Mr. Trump’s assault on the refugee system has been multifaceted. Last year, the president issued an executive order allowing state and local governments to veto the resettlement of refugees, which critics said would stoke division and energize Mr. Trump’s supporters. That order is currently blocked by a lawsuit making its way through the court system. Most states also elected to accept refugees.
Mr. Trump also ended the system of reserving slots for Africa, East Asia, Southeast Asia, Central Asia, Europe, Latin America and the Caribbean, and instead carved out slots for 4,000 Iraqis who worked with the United States military, 1,500 for people from Central America and 5,000 for people persecuted for their religion. The additional 7,500 slots were reserved for others seeking family reunification who had been cleared for resettlement.
But even with the numbers set so low, the administration did not fill the slots, according to State Department data.
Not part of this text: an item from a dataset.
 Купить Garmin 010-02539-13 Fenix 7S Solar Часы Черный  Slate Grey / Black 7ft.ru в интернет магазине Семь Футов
Of the 4,000 openings for Iraqis who helped the military, only 123 were welcomed to the United States.
“They continue to cut what would normally be seen as legal ways to immigrate,” said David Lapan, a former spokesman for the Department of Homeland Security in the Trump administration. “They say they want people to get in line and follow the system, except they’re doing everything they can to change that system.”
Traveling in Italy this week, Secretary of State Mike Pompeo tried to defend the administration’s record on humanitarian assistance. When the Italian foreign minister, Luigi Di Maio, was asked on Tuesday if the United States was doing enough to help millions of refugees around the world, Mr. Pompeo stepped in to answer: “There’s no more generous nation anywhere in the world when it comes to alleviating human crises around the world.”